The data section start

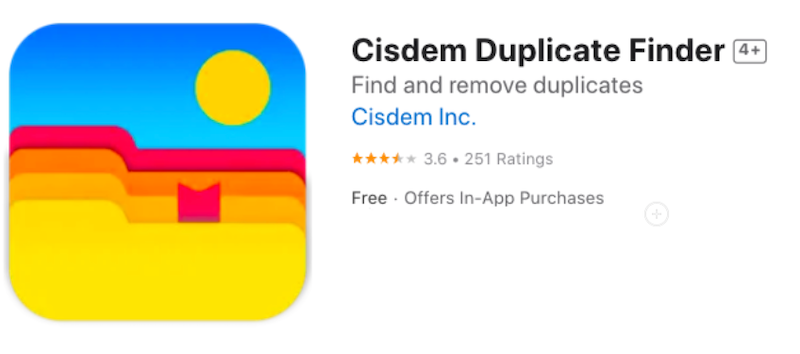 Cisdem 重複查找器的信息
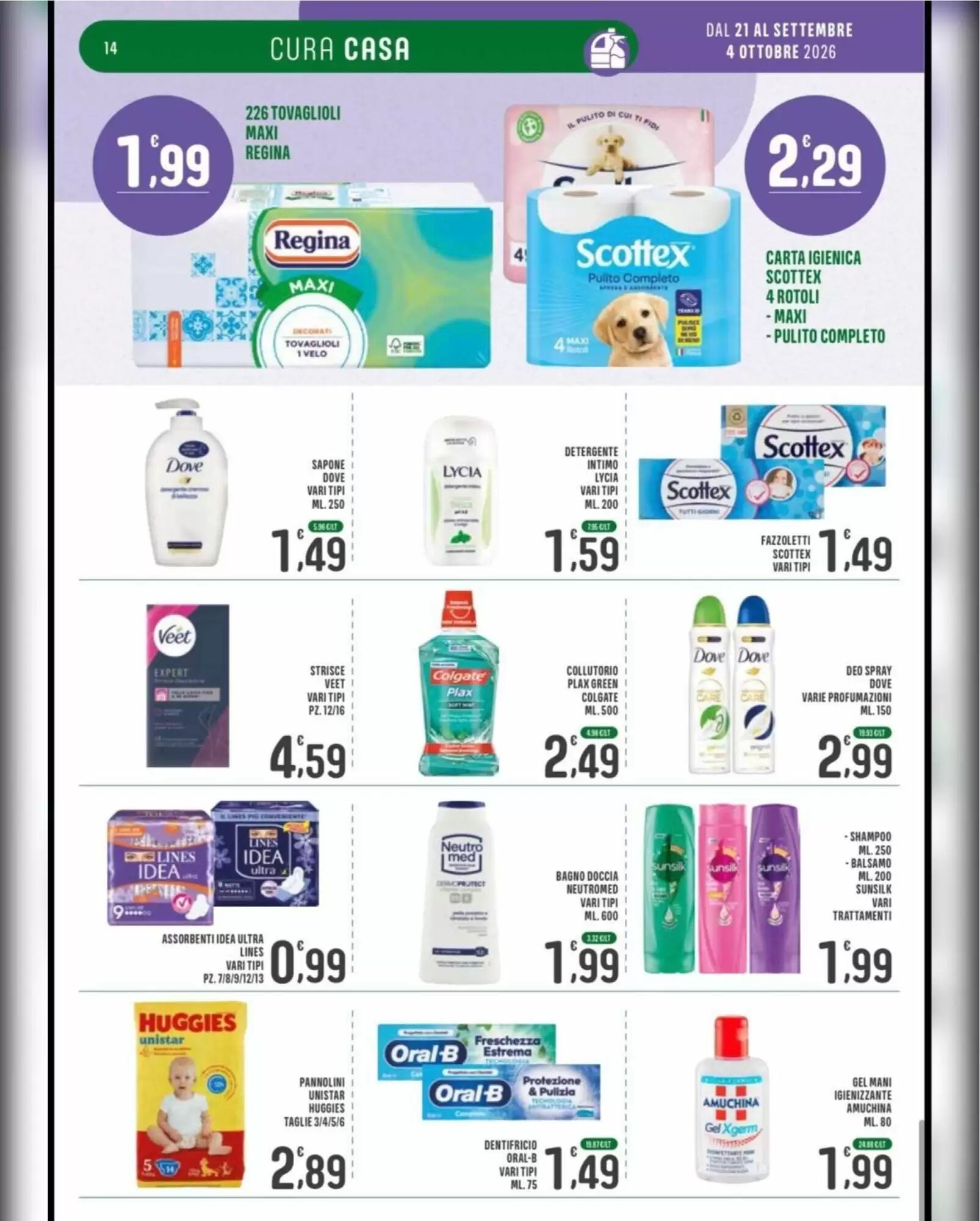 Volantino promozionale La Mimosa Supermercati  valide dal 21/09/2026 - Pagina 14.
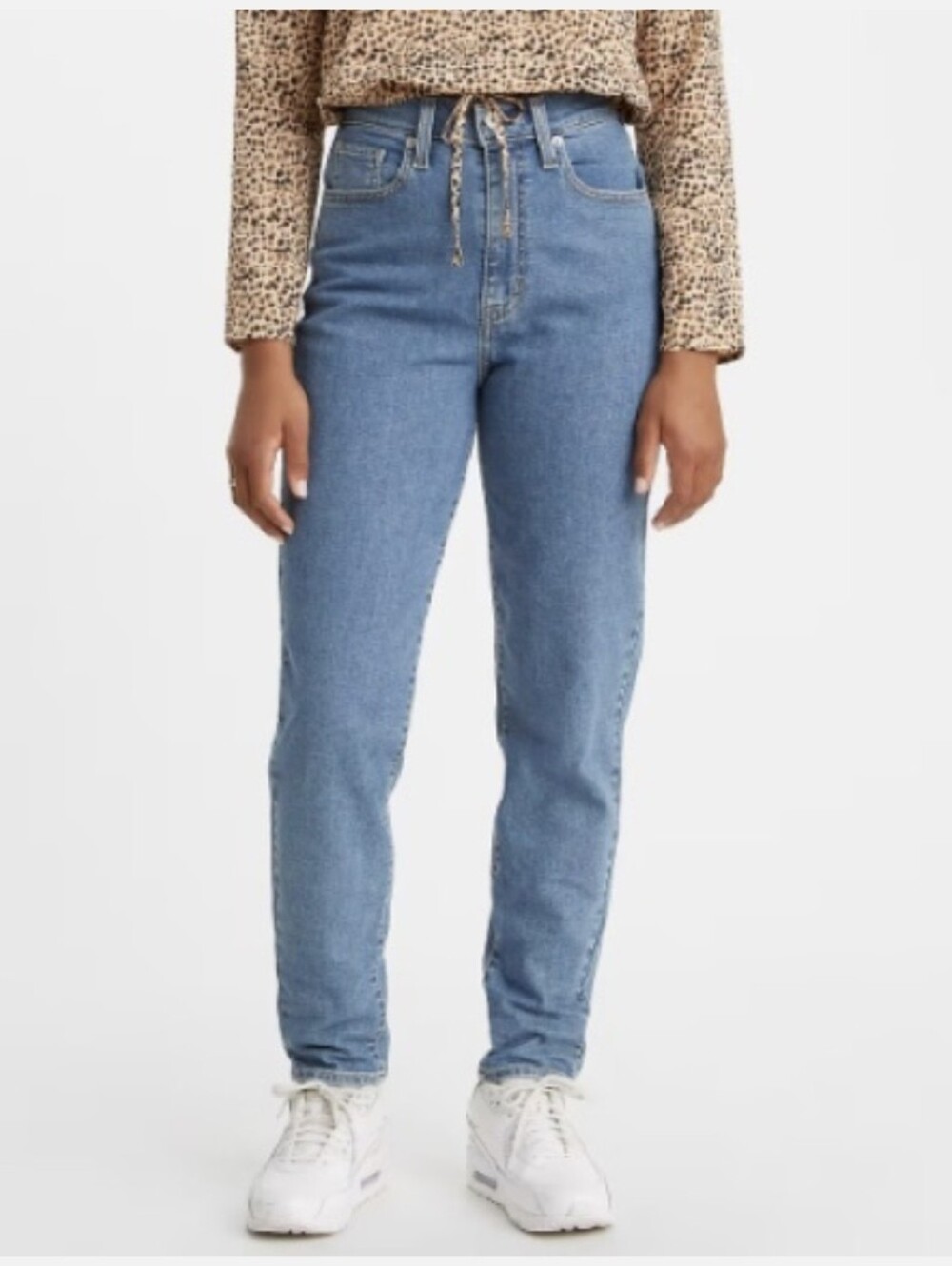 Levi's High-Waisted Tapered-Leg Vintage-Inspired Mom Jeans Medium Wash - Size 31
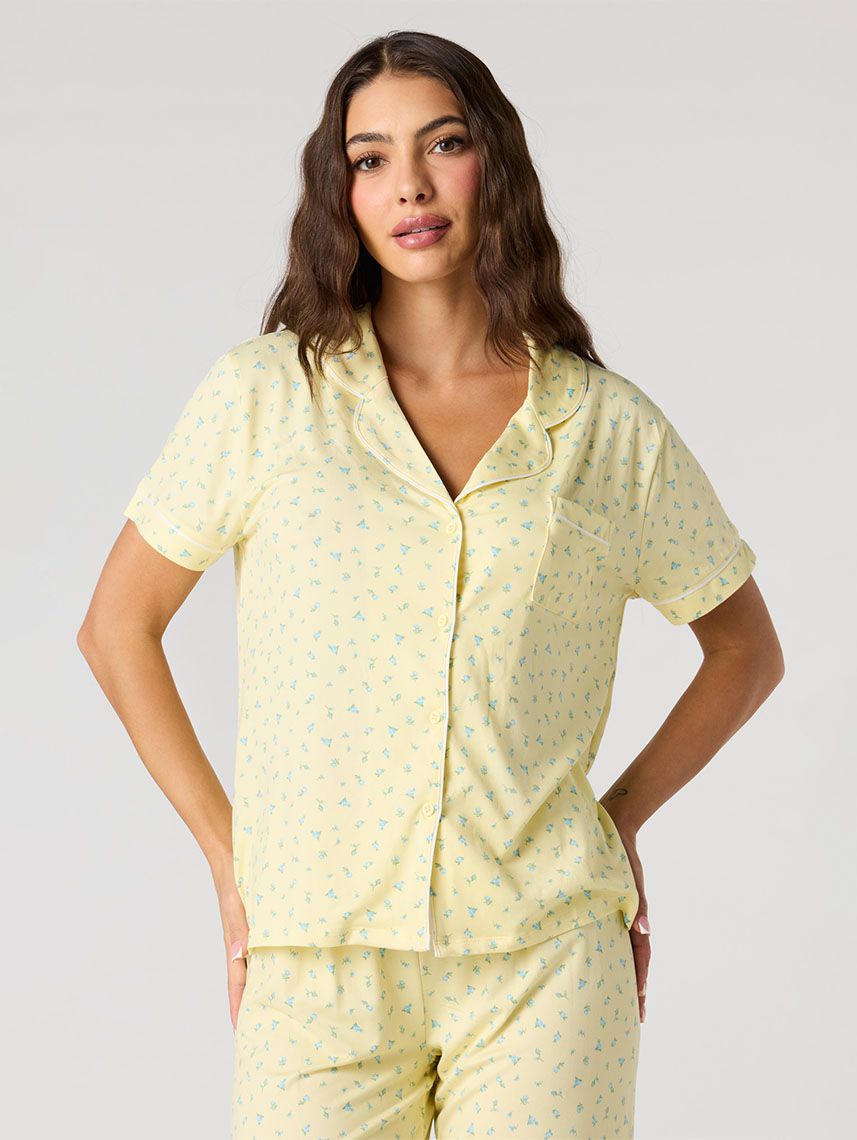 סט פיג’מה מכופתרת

The data section end

Instructions for the task
Produce the full material again verbatim, with the pictures dropped.

Completed task
 Cisdem 重複查找器的信息
 Volantino promozionale La Mimosa Supermercati  valide dal 21/09/2026 - Pagina 14.
 Levi's High-Waisted Tapered-Leg Vintage-Inspired Mom Jeans Medium Wash - Size 31
 סט פיג’מה מכופתרת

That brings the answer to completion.